American graphic novelist

Martin Lemelman (born October 26, 1950) is an American freelance illustrator and graphic memoirist.

==Early life and education==
Born in Brooklyn, New York City, where he grew up in an Orthodox Jewish home, and attended a yeshiva. At age 13, he decided he wanted to be an artist. His training in art began after entering Brooklyn College, where he received undergraduate and Masters of Fine Arts degrees. Since 1976 he has been a freelance illustrator.

==Career==
Lemelman has illustrated over 30 children's books and his work has been published in magazines ranging from The New York Times Book Review to Sesame Street Magazine.

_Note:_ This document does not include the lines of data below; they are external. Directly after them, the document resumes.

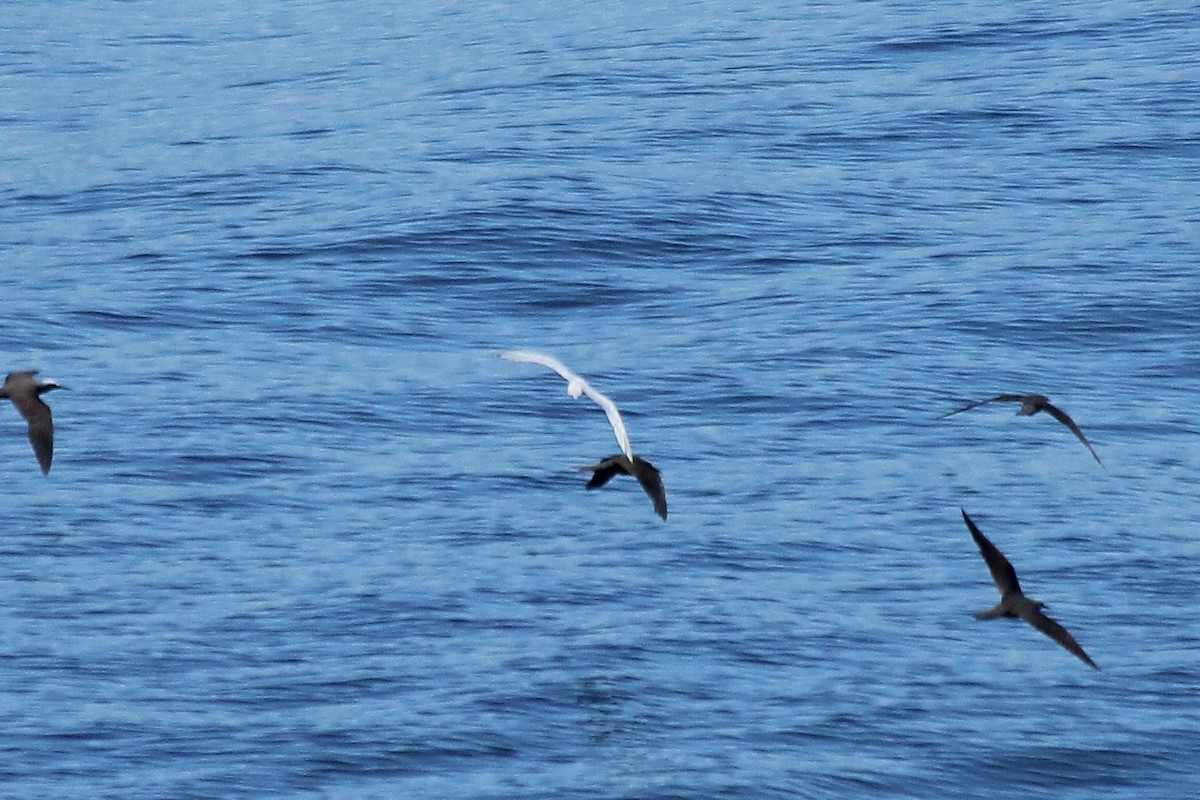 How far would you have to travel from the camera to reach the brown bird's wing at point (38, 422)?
13758 mm

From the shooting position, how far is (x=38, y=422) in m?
14.2

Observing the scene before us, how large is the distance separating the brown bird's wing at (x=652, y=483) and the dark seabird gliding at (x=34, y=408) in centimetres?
366

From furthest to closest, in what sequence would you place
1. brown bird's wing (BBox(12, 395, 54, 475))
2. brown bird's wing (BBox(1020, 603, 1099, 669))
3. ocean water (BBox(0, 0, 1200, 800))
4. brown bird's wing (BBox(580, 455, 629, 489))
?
1. ocean water (BBox(0, 0, 1200, 800))
2. brown bird's wing (BBox(580, 455, 629, 489))
3. brown bird's wing (BBox(12, 395, 54, 475))
4. brown bird's wing (BBox(1020, 603, 1099, 669))

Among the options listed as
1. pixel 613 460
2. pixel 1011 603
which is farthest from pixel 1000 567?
pixel 613 460

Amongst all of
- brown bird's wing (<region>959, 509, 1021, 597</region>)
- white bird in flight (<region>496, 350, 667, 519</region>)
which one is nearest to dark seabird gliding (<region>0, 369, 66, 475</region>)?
white bird in flight (<region>496, 350, 667, 519</region>)

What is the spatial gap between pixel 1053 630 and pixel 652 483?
8.70ft

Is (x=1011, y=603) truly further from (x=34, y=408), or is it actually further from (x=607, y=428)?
(x=607, y=428)

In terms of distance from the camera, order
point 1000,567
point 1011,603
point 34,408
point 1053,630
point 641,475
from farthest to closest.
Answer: point 34,408 < point 1011,603 < point 641,475 < point 1000,567 < point 1053,630

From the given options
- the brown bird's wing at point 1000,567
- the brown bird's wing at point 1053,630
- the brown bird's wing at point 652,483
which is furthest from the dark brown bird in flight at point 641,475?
the brown bird's wing at point 1053,630

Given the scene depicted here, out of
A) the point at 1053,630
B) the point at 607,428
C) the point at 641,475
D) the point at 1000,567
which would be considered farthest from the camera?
the point at 607,428

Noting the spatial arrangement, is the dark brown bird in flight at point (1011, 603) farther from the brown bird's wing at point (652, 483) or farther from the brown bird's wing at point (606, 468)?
the brown bird's wing at point (606, 468)

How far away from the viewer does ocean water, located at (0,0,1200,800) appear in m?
15.9

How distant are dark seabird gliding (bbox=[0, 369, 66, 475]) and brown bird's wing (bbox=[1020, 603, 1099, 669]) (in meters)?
6.15

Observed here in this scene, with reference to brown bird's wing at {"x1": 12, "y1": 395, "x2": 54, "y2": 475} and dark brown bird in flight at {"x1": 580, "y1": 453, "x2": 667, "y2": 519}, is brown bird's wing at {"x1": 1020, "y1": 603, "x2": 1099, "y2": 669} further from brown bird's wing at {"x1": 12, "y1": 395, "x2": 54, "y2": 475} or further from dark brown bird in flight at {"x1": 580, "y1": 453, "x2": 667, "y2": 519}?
brown bird's wing at {"x1": 12, "y1": 395, "x2": 54, "y2": 475}
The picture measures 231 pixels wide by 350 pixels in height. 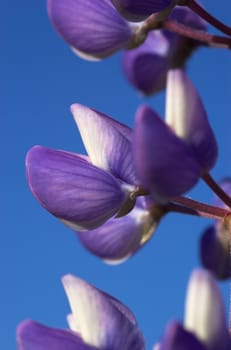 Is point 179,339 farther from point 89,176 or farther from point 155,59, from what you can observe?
point 155,59

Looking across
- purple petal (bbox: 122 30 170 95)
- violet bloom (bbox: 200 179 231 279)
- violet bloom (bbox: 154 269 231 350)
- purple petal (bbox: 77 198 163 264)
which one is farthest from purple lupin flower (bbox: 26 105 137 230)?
purple petal (bbox: 122 30 170 95)

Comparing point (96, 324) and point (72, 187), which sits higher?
point (72, 187)

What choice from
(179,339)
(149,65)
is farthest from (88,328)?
(149,65)

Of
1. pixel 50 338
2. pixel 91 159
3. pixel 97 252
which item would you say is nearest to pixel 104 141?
pixel 91 159

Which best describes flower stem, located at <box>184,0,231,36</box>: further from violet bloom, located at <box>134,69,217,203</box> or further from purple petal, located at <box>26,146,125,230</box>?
violet bloom, located at <box>134,69,217,203</box>

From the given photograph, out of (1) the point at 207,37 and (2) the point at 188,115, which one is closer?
(2) the point at 188,115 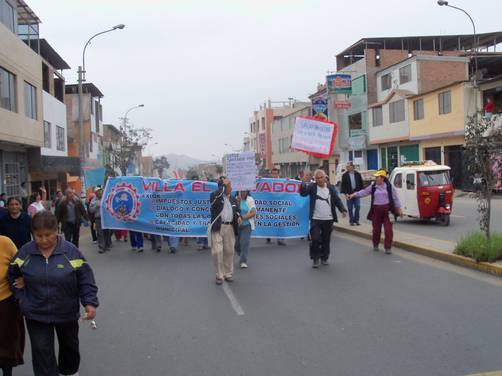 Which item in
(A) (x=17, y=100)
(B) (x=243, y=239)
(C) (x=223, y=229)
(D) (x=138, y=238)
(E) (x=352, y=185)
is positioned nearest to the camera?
(C) (x=223, y=229)

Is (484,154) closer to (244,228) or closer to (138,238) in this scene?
(244,228)

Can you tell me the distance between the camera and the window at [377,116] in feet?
144

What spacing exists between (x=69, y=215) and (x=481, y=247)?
365 inches

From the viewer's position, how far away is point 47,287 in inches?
157

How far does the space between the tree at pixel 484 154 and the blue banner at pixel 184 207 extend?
17.1 feet

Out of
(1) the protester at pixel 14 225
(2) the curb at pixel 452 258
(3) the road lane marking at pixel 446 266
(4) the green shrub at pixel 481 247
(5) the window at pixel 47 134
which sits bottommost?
(3) the road lane marking at pixel 446 266

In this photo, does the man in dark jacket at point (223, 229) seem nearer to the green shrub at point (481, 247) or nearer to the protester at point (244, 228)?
the protester at point (244, 228)

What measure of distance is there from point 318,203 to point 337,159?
46829 mm

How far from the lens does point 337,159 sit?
55875 millimetres

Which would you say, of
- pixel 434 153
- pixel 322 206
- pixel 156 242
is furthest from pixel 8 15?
pixel 434 153

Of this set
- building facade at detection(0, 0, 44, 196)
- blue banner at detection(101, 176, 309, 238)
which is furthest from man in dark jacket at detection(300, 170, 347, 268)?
building facade at detection(0, 0, 44, 196)

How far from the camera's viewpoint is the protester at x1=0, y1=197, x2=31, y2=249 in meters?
6.99

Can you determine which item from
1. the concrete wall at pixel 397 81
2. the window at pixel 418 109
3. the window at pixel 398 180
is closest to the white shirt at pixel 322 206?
the window at pixel 398 180

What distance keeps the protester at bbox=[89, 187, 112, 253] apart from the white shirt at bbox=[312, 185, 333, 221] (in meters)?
6.30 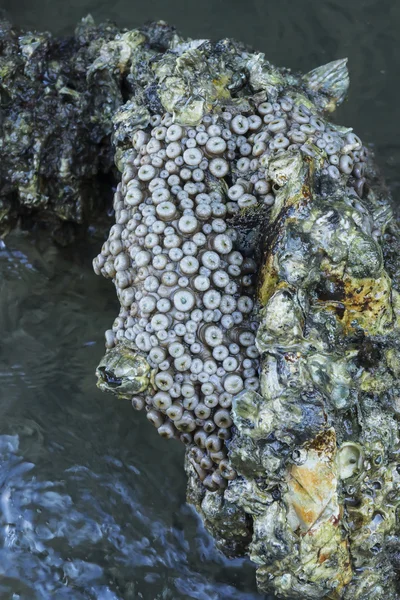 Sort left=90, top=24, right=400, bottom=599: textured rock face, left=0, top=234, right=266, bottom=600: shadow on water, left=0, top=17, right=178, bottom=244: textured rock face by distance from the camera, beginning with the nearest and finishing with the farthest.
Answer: left=90, top=24, right=400, bottom=599: textured rock face → left=0, top=234, right=266, bottom=600: shadow on water → left=0, top=17, right=178, bottom=244: textured rock face

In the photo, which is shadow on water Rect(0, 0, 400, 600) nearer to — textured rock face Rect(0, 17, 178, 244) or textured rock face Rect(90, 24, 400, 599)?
textured rock face Rect(90, 24, 400, 599)

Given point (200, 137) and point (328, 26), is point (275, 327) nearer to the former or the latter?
point (200, 137)

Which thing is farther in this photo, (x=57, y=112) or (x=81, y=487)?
(x=57, y=112)

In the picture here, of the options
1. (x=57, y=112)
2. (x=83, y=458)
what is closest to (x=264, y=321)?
(x=83, y=458)

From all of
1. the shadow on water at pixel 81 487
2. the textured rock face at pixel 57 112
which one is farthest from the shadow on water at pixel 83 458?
the textured rock face at pixel 57 112

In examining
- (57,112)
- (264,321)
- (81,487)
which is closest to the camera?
(264,321)

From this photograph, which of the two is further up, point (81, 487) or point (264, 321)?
point (264, 321)

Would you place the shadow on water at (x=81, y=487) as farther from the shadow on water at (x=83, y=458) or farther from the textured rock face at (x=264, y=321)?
the textured rock face at (x=264, y=321)

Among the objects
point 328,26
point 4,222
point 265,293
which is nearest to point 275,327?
point 265,293

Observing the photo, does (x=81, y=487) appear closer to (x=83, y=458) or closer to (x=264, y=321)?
(x=83, y=458)

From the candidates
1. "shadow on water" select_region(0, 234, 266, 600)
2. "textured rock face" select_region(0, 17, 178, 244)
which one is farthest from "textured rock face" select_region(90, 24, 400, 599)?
"textured rock face" select_region(0, 17, 178, 244) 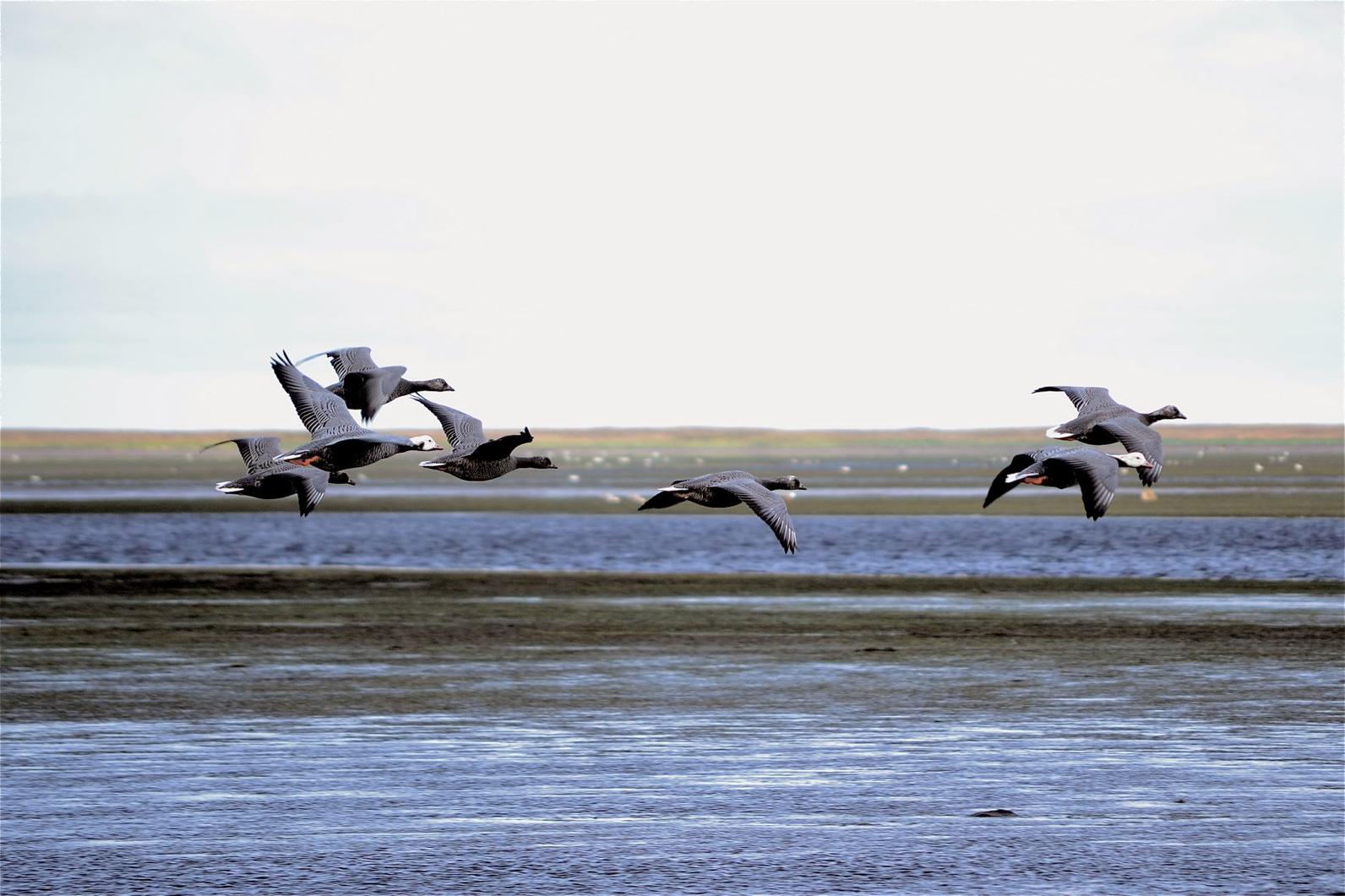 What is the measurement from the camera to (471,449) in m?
5.84

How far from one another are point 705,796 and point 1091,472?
95.1ft

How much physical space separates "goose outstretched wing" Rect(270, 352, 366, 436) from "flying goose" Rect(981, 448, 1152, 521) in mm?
2366

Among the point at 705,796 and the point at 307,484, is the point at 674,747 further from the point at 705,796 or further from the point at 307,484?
the point at 307,484

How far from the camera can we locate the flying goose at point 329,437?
565 cm

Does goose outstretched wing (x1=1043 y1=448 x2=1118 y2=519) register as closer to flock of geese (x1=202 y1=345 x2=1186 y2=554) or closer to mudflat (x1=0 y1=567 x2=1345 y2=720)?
flock of geese (x1=202 y1=345 x2=1186 y2=554)

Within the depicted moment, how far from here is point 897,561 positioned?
93.3 metres

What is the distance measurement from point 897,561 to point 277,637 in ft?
139

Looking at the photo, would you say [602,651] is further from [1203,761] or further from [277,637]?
[1203,761]

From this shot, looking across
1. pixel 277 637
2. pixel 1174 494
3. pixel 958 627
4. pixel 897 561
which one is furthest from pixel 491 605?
pixel 1174 494

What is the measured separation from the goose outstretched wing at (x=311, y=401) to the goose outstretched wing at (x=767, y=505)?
55.2 inches

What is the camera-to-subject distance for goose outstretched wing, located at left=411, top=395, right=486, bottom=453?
6.06m

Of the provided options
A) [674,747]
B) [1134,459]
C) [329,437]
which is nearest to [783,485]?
[1134,459]

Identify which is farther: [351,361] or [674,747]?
[674,747]

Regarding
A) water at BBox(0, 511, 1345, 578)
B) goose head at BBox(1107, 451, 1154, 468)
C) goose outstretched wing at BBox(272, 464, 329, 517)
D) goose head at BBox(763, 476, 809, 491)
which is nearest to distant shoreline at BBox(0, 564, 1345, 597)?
water at BBox(0, 511, 1345, 578) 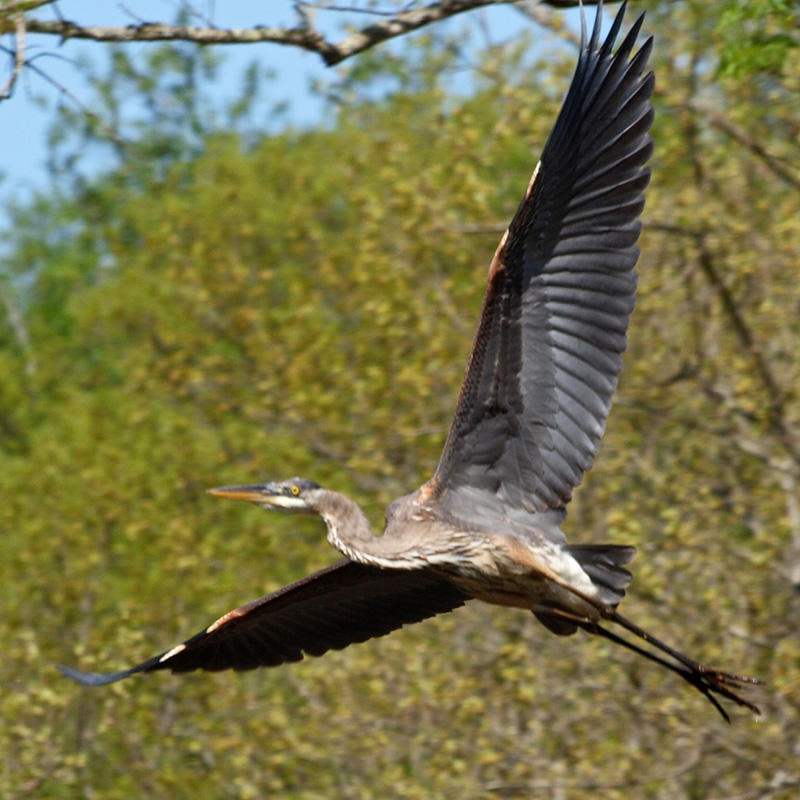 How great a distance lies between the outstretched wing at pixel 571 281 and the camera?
7.16 m

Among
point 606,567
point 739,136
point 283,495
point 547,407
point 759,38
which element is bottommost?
point 283,495

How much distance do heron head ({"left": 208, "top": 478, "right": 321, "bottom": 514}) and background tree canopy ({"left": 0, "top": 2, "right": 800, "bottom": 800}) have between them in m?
1.65

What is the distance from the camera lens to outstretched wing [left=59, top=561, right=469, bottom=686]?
8.41 metres

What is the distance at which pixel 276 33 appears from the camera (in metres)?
7.94

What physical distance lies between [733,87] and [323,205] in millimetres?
7783

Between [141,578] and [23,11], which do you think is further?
[141,578]

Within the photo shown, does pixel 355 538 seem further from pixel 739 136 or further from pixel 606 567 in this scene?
pixel 739 136

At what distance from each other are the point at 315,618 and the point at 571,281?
8.12 ft

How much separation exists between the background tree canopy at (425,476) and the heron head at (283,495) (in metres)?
1.65

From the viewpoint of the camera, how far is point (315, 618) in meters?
8.72

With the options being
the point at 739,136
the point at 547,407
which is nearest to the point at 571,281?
the point at 547,407

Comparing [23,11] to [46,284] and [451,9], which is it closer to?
[451,9]

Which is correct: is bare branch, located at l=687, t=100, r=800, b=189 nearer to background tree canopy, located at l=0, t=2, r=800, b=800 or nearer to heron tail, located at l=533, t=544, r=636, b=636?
background tree canopy, located at l=0, t=2, r=800, b=800

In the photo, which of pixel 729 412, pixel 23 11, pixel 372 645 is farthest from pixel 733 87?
pixel 23 11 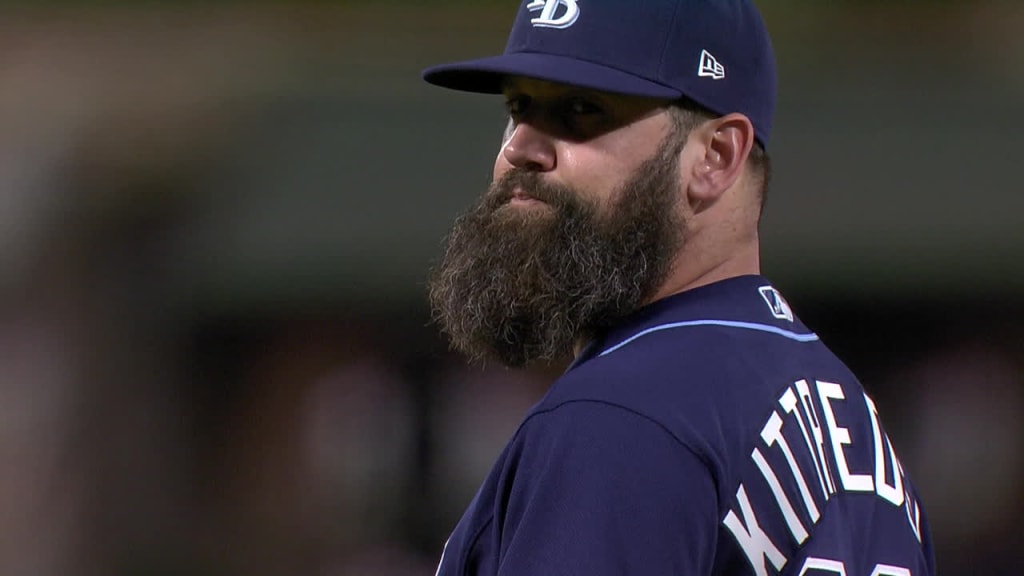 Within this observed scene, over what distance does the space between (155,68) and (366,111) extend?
832 millimetres

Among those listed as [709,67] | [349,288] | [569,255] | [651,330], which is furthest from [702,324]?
[349,288]

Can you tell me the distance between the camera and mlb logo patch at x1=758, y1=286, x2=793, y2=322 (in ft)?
4.10

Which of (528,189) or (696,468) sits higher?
(528,189)

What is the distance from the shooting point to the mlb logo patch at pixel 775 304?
1250mm

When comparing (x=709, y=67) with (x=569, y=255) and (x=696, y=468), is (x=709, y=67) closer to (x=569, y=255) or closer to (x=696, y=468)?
(x=569, y=255)

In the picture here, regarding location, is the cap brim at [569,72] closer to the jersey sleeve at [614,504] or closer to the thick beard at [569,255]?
the thick beard at [569,255]

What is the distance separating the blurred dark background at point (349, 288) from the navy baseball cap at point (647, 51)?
10.6ft

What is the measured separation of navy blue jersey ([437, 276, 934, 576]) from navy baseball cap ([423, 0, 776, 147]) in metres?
0.20

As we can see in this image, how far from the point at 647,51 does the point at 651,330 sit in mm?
274

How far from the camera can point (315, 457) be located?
443cm

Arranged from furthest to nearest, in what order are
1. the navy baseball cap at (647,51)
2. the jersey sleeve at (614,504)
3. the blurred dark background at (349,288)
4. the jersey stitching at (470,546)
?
the blurred dark background at (349,288), the navy baseball cap at (647,51), the jersey stitching at (470,546), the jersey sleeve at (614,504)

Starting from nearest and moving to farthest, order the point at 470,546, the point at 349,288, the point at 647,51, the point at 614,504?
1. the point at 614,504
2. the point at 470,546
3. the point at 647,51
4. the point at 349,288

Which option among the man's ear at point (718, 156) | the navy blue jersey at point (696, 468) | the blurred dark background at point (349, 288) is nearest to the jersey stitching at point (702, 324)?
the navy blue jersey at point (696, 468)

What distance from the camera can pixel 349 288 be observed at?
15.0 ft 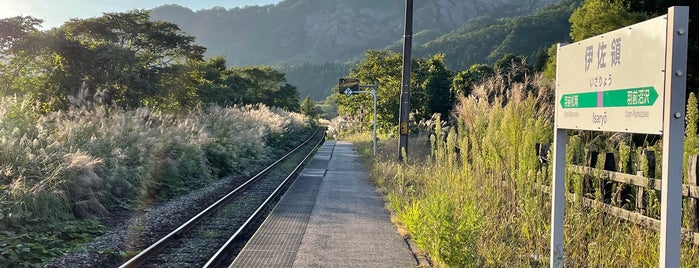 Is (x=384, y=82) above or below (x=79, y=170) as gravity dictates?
above

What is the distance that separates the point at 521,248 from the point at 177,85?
21.3 meters

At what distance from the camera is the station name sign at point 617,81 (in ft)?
8.66

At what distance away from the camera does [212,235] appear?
7691 millimetres

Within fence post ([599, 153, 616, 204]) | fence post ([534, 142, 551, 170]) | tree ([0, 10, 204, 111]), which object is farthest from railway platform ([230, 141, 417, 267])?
tree ([0, 10, 204, 111])

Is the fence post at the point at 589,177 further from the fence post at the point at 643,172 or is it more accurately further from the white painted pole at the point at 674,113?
the white painted pole at the point at 674,113

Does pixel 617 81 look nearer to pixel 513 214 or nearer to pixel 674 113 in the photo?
pixel 674 113

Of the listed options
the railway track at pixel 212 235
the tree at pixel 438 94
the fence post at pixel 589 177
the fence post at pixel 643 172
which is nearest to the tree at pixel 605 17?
the tree at pixel 438 94

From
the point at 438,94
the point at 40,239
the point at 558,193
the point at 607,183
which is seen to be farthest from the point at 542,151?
the point at 438,94

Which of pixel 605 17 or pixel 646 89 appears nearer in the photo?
pixel 646 89

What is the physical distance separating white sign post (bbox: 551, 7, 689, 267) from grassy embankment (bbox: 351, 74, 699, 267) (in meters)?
1.41

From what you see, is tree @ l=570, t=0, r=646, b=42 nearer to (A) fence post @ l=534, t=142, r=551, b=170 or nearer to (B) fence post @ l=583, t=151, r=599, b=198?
A: (A) fence post @ l=534, t=142, r=551, b=170

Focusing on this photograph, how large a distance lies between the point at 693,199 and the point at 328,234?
4668 millimetres

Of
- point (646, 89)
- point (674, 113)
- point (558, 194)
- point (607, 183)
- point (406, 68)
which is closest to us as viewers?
point (674, 113)

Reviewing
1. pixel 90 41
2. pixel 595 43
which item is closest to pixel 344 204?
pixel 595 43
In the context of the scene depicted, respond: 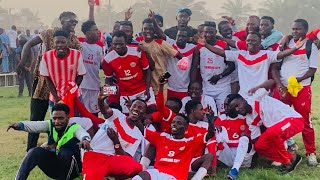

He is the author of two graphic memoirs. The child of Holocaust survivors, in 1989 he began to videotape his mother, Gusta, as she opened up about her 1930s Polish childhood and her eventual escape from Nazi persecution. His original idea was to save his mother's memories for his children. Prodded by a 2000 visit to Hermakivka, Gusta's town in Ukraine, he realized he had to tell her story. He returned to it in 2003, and it evolved into the 2006 graphic memoir, Mendel's Daughter, that has been called a unique contributor to Holocaust literature. He used a multimedia approach, using photos and documents, so that the reader would understand that what happened to Gusta happened to real people. Through this approach, Lemelman has Gusta inform the reader about her life and the people in it, as well as her emotional investment in what is pictured. In 2013 Entertainment Weekly listed Mendel's Daughter as one of the ten greatest graphic novels ever written. In Two Cents Plain: My Brooklyn Childhood he continued the family saga. Raised in the back of a candy store in Brownsville in the 50s and 60s, as the neighborhood changed, he tells the story of his childhood in the form of a graphic memoir. Two Cents Plain won the 2010 New York City Book Award for memoir.

Lemelman is emeritus professor of communication design at Kutztown University of Pennsylvania.

In 1985 he designed five postage stamps for Sierra Leone promoting the 1986 FIFA World Cup.

==Personal==
Lemelman lives in South Florida. He is married with four sons.